Unit One was a British grouping of Modernist artists founded by Paul Nash. The group included painters, sculptors and architects, and was active from 1933 to 1935. It held one exhibition, which began at the Mayor Gallery in Cork Street, London, and then went on an extended tour, closing in Belfast in 1935. The artists planned the group at meetings held at the Mayor Gallery; Paul Nash announced its creation in a letter to The Times on 12 June 1933. A book by Herbert Read, Unit One: the modern movement in English painting, sculpture, and architecture, was published at the time of the exhibition.

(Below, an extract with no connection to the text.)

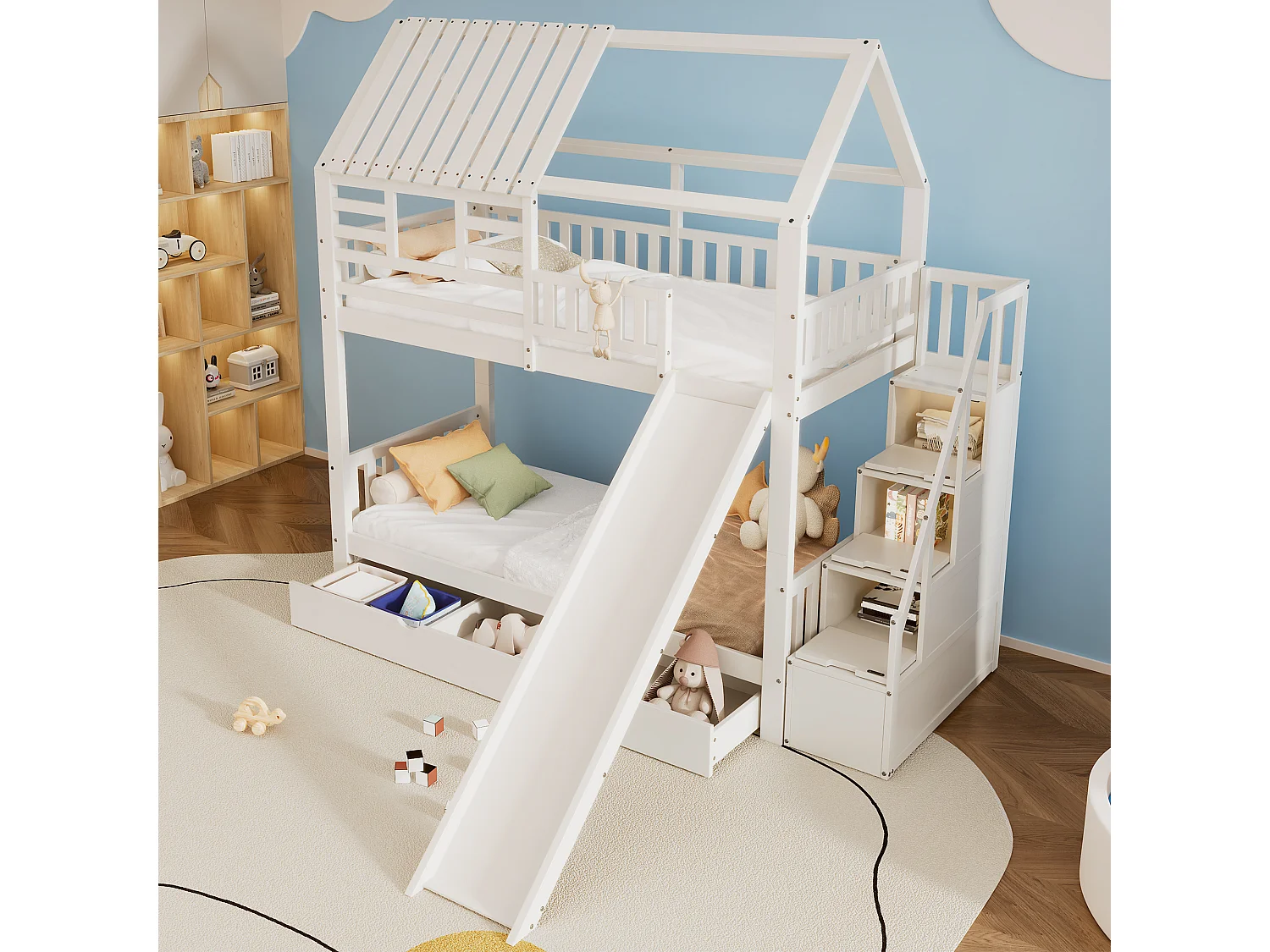 Lit superposé avec escalier et toboggan, escalier avec rangement, cadre en pin et MDF, lit enfant avec fenêtre et toit, blanc, 90x200cm * 2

Despite its brief period of activity, the group is regarded as influential in establishing the pre-eminence of London as a centre of modernist and abstract art and architecture in the mid-1930s.

== Members ==
The artists of the group were: the architects Wells Coates and Colin Lucas; the painters John Armstrong, John Bigge, Edward Burra, Frances Hodgkins, Paul Nash, Ben Nicholson and Edward Wadsworth; and the sculptors Barbara Hepworth and Henry Moore. Frances Hodgkins soon left the group and was replaced by Tristram Hillier.